_What you have to do_
Restate the entries below exactly, and keep all images out of the answer.

_Information given_
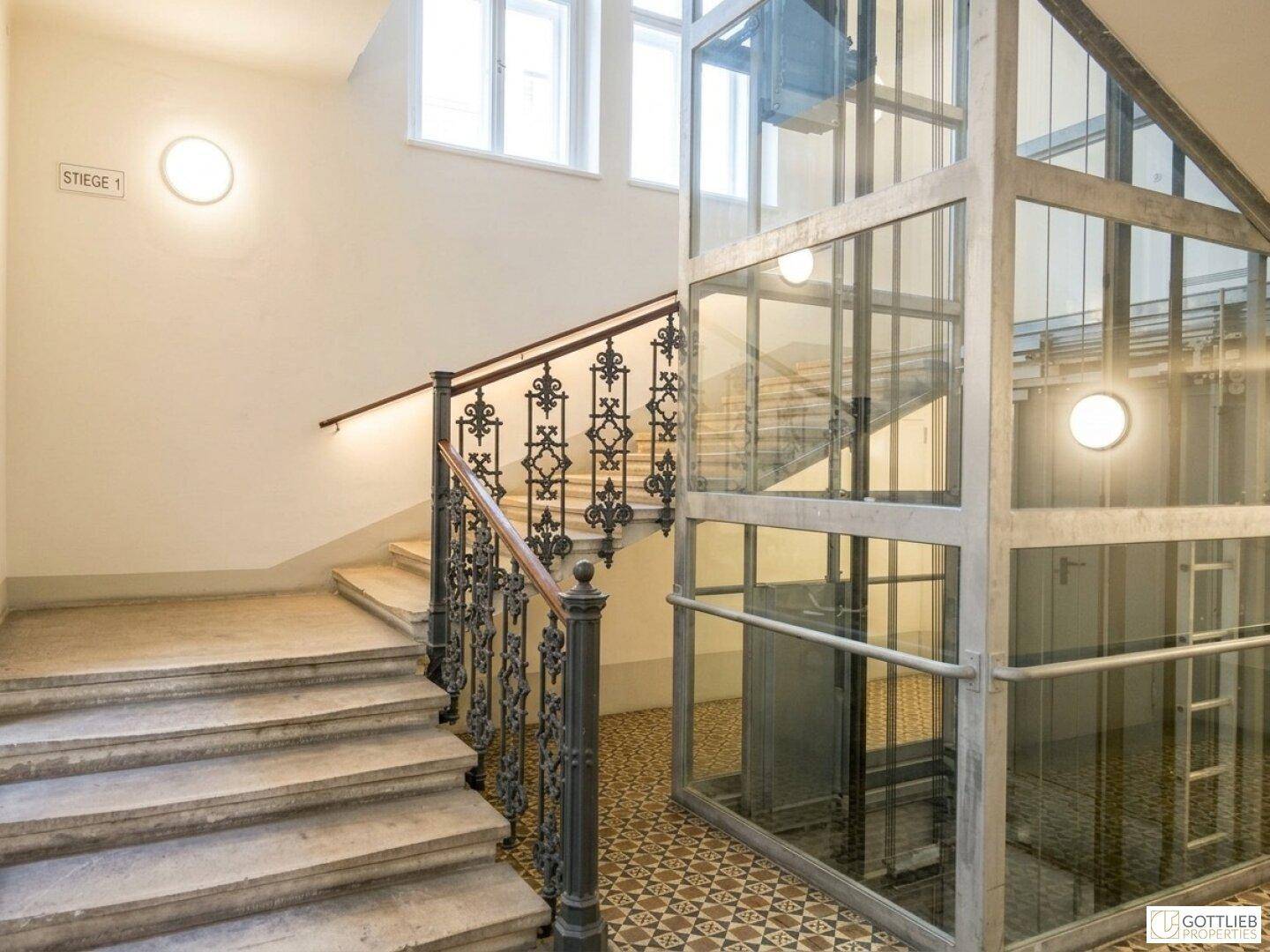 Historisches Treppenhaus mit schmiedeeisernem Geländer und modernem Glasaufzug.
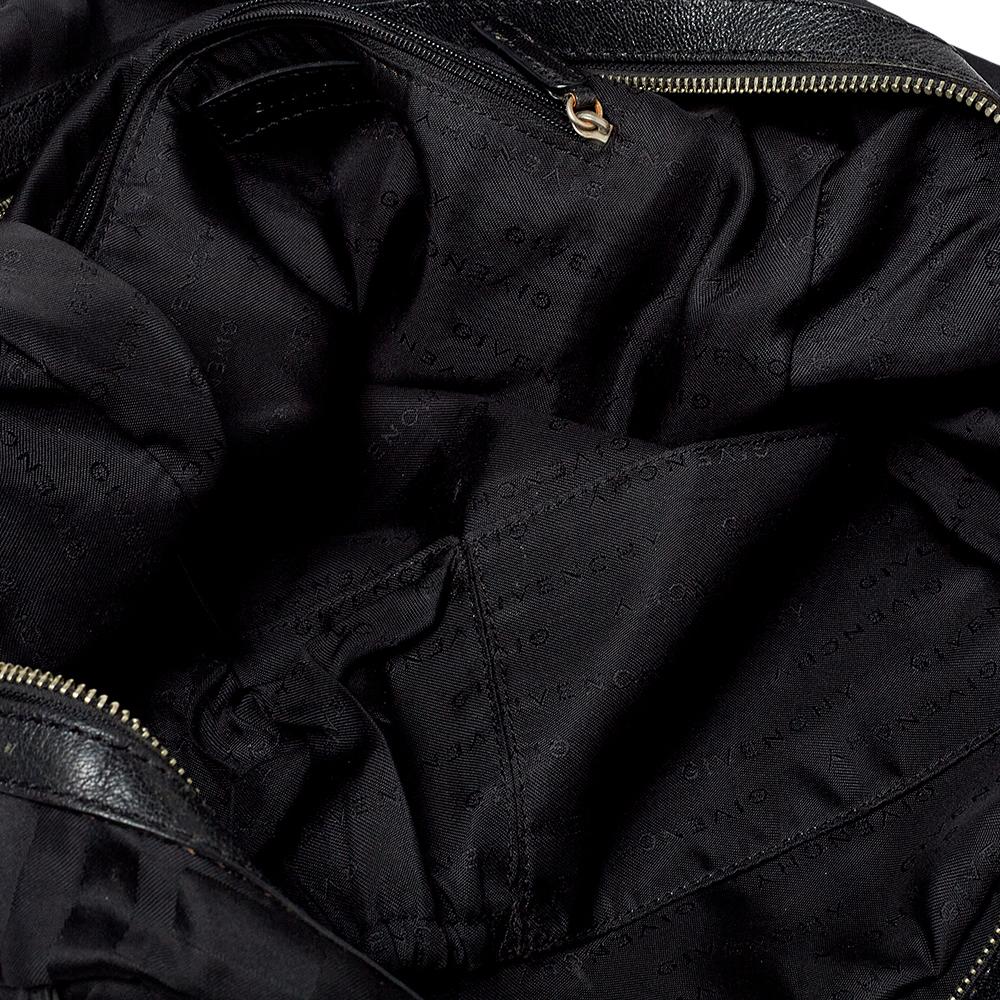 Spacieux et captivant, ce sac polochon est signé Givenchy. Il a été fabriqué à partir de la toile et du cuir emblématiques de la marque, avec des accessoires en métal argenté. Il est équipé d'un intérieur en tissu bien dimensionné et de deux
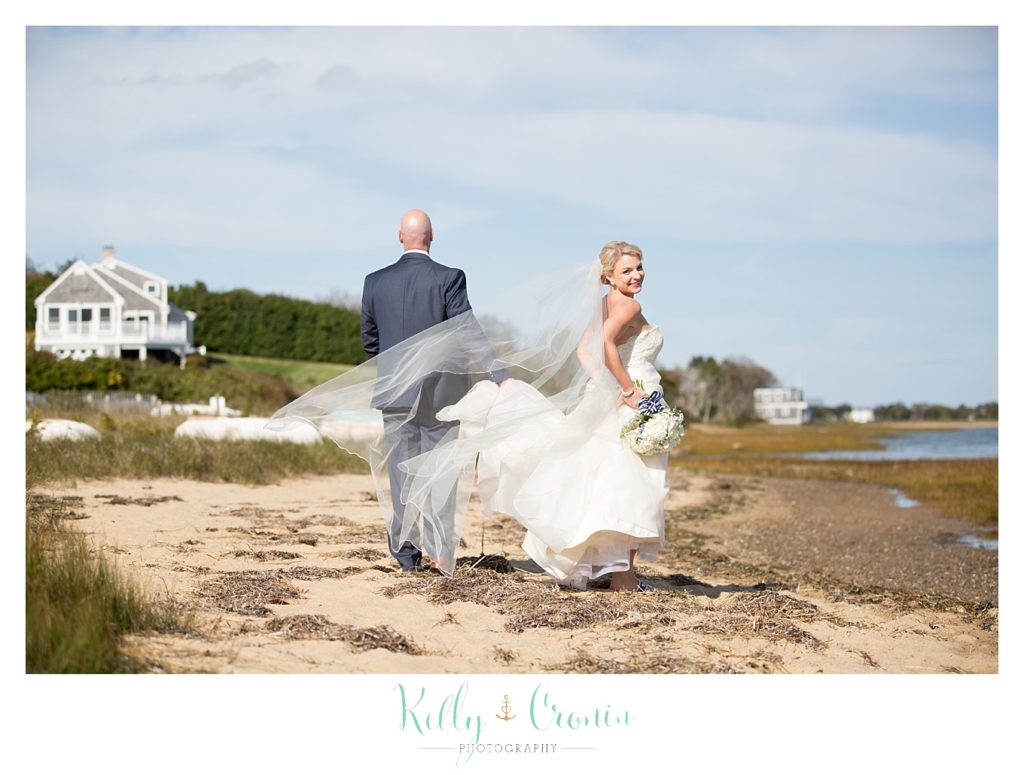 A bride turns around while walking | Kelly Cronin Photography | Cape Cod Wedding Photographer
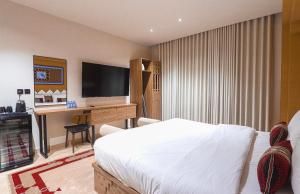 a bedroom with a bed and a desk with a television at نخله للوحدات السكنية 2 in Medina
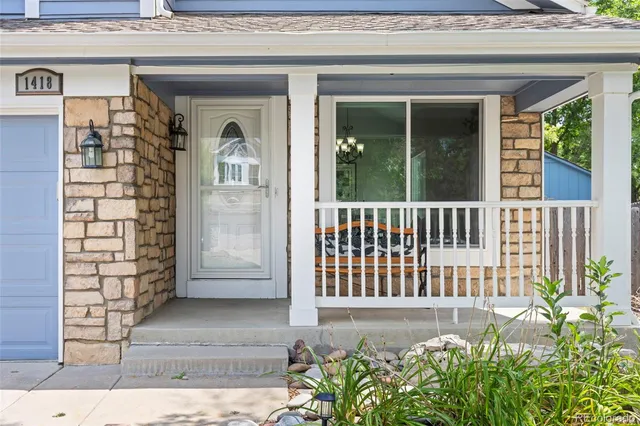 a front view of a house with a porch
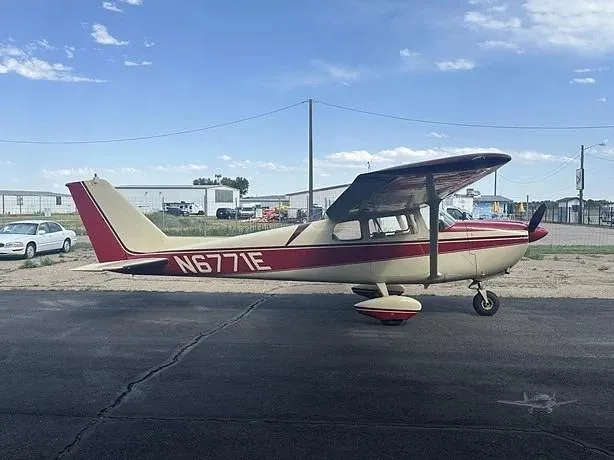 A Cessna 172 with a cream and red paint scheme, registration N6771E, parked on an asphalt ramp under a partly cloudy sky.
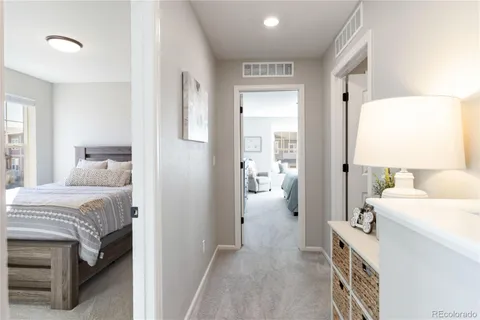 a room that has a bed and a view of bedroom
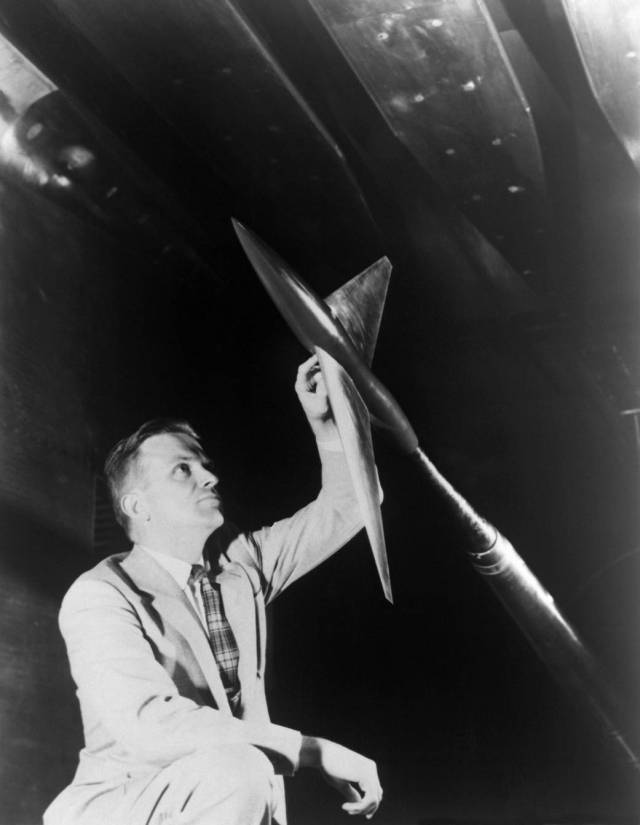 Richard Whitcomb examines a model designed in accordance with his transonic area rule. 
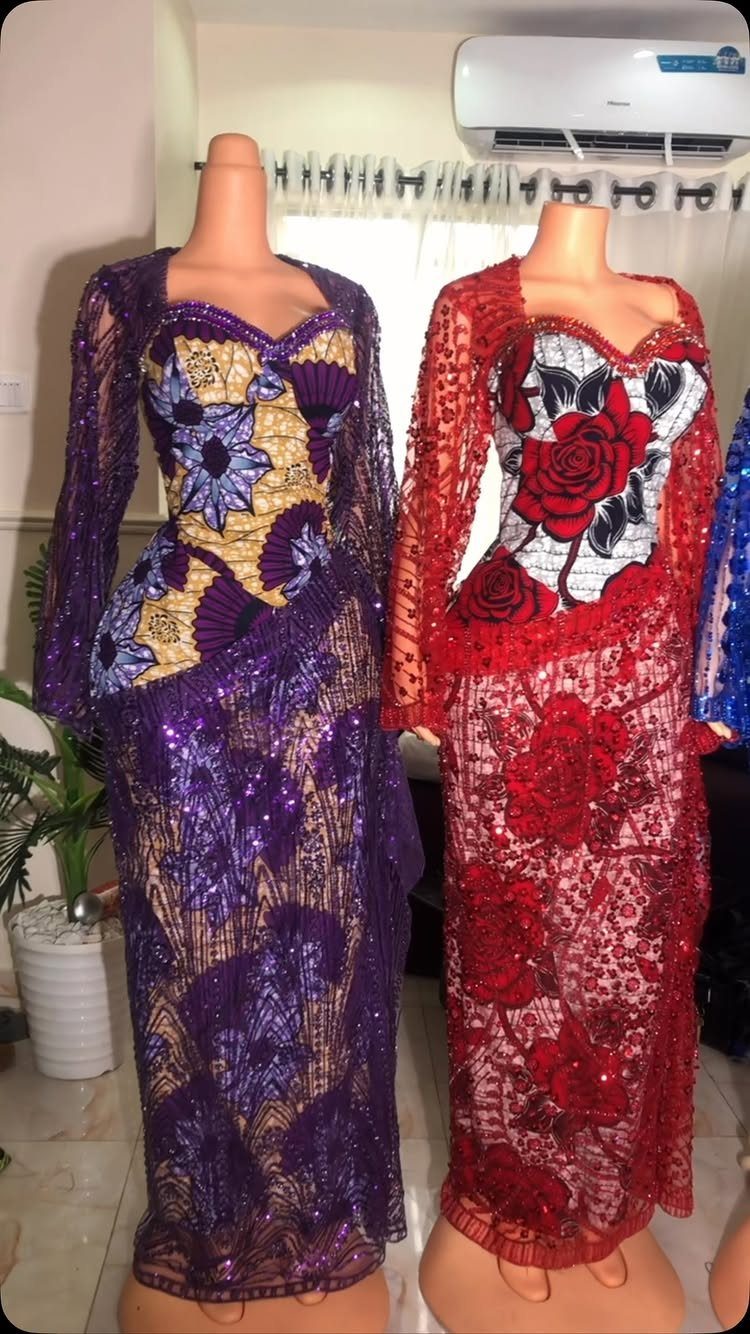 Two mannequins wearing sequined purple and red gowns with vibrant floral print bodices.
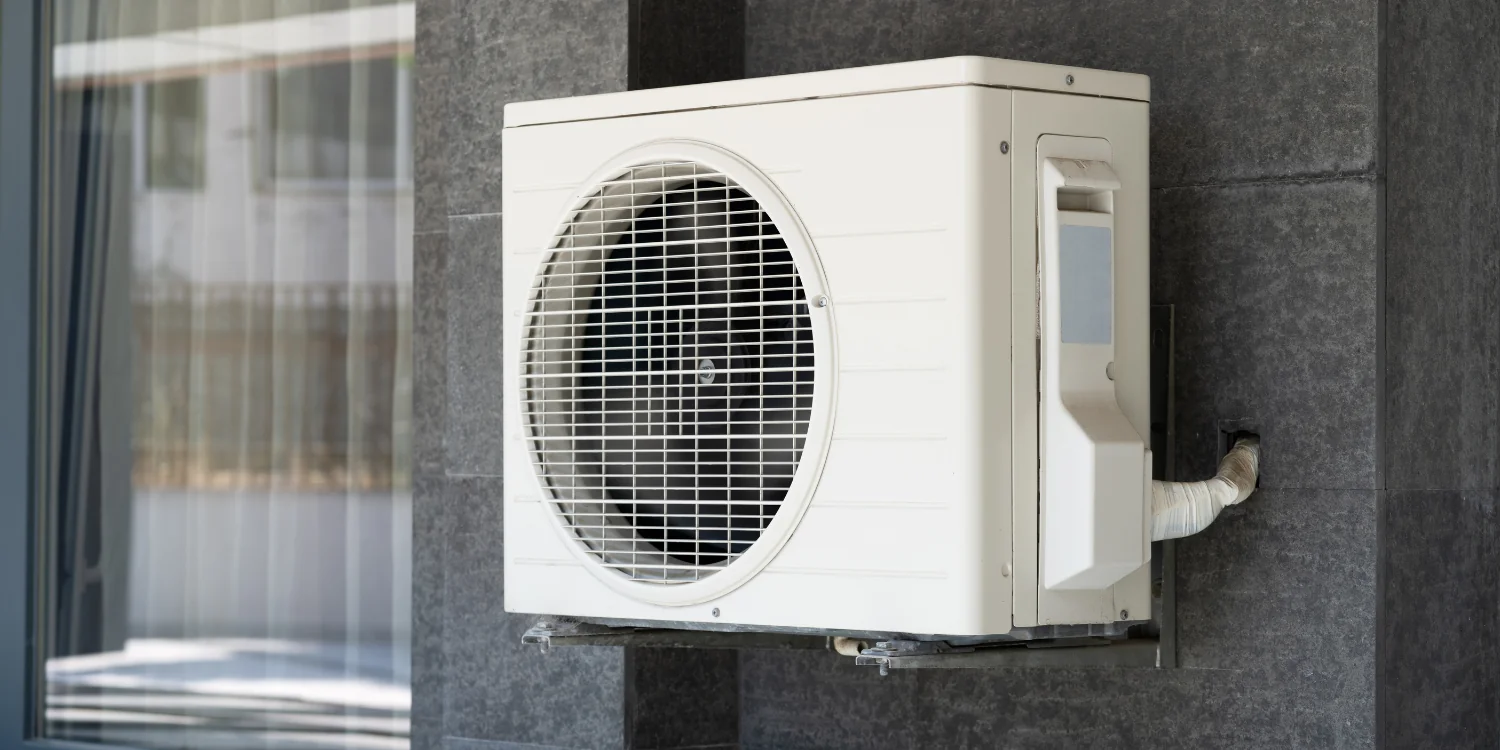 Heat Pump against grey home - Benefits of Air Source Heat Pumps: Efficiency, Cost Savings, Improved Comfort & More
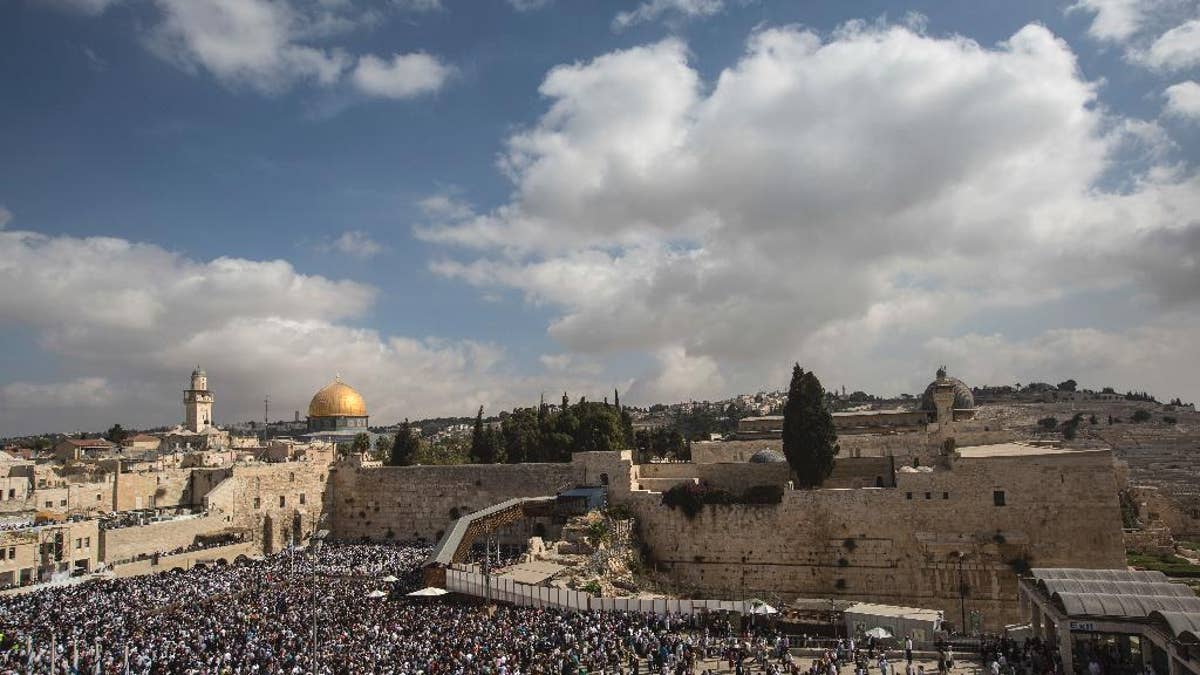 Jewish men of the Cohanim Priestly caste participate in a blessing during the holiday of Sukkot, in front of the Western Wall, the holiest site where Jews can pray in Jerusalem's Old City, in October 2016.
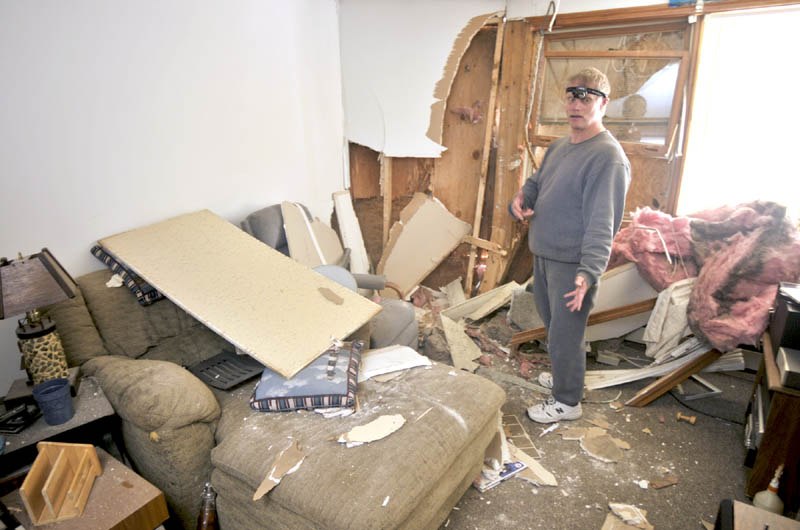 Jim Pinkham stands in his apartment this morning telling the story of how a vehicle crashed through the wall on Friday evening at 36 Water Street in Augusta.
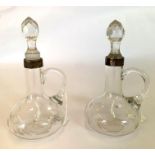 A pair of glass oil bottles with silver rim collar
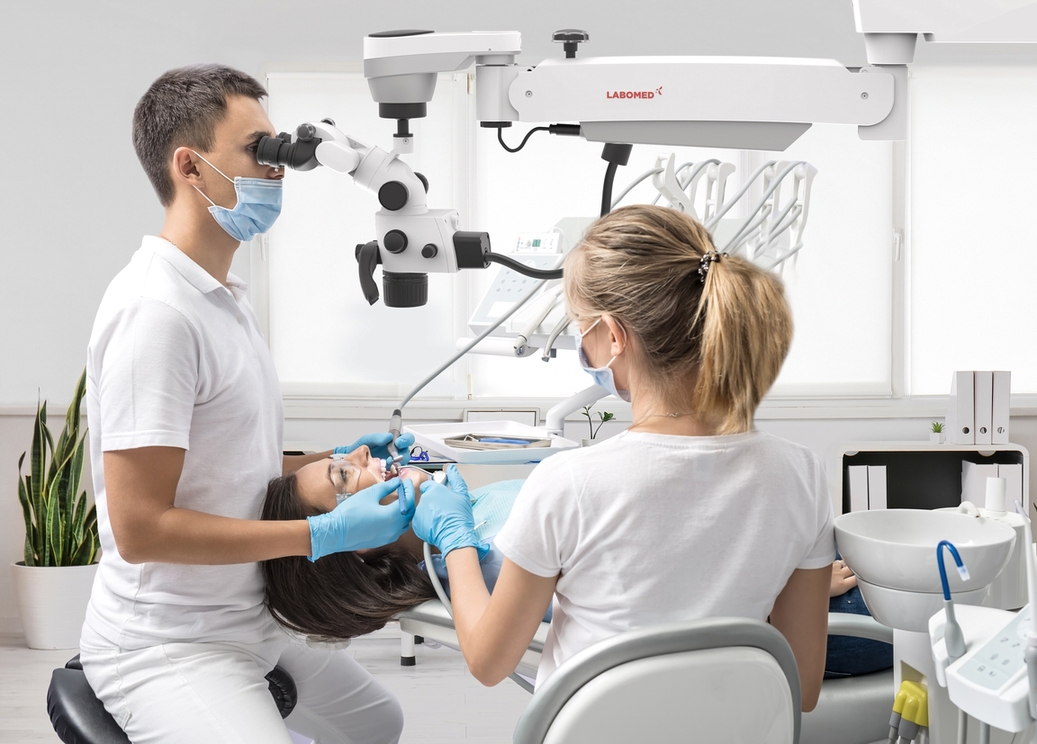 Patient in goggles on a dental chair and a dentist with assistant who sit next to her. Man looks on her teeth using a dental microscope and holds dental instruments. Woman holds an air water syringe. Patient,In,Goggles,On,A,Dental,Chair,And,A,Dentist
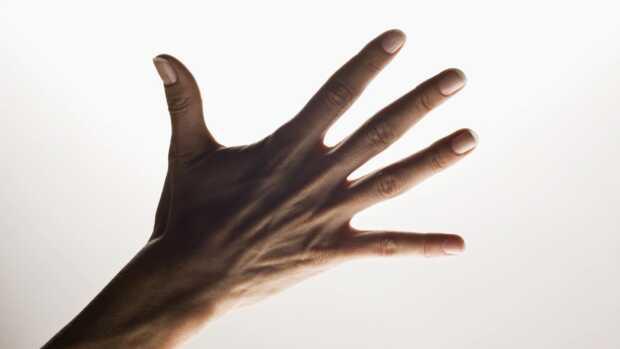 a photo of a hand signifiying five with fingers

_Solution_
 Historisches Treppenhaus mit schmiedeeisernem Geländer und modernem Glasaufzug.
 Spacieux et captivant, ce sac polochon est signé Givenchy. Il a été fabriqué à partir de la toile et du cuir emblématiques de la marque, avec des accessoires en métal argenté. Il est équipé d'un intérieur en tissu bien dimensionné et de deux
 A bride turns around while walking | Kelly Cronin Photography | Cape Cod Wedding Photographer
 a bedroom with a bed and a desk with a television at نخله للوحدات السكنية 2 in Medina
 a front view of a house with a porch
 A Cessna 172 with a cream and red paint scheme, registration N6771E, parked on an asphalt ramp under a partly cloudy sky.
 a room that has a bed and a view of bedroom
 Richard Whitcomb examines a model designed in accordance with his transonic area rule. 
 Two mannequins wearing sequined purple and red gowns with vibrant floral print bodices.
 Heat Pump against grey home - Benefits of Air Source Heat Pumps: Efficiency, Cost Savings, Improved Comfort & More
 Jewish men of the Cohanim Priestly caste participate in a blessing during the holiday of Sukkot, in front of the Western Wall, the holiest site where Jews can pray in Jerusalem's Old City, in October 2016.
 Jim Pinkham stands in his apartment this morning telling the story of how a vehicle crashed through the wall on Friday evening at 36 Water Street in Augusta.
 A pair of glass oil bottles with silver rim collar
 Patient in goggles on a dental chair and a dentist with assistant who sit next to her. Man looks on her teeth using a dental microscope and holds dental instruments. Woman holds an air water syringe. Patient,In,Goggles,On,A,Dental,Chair,And,A,Dentist
 a photo of a hand signifiying five with fingers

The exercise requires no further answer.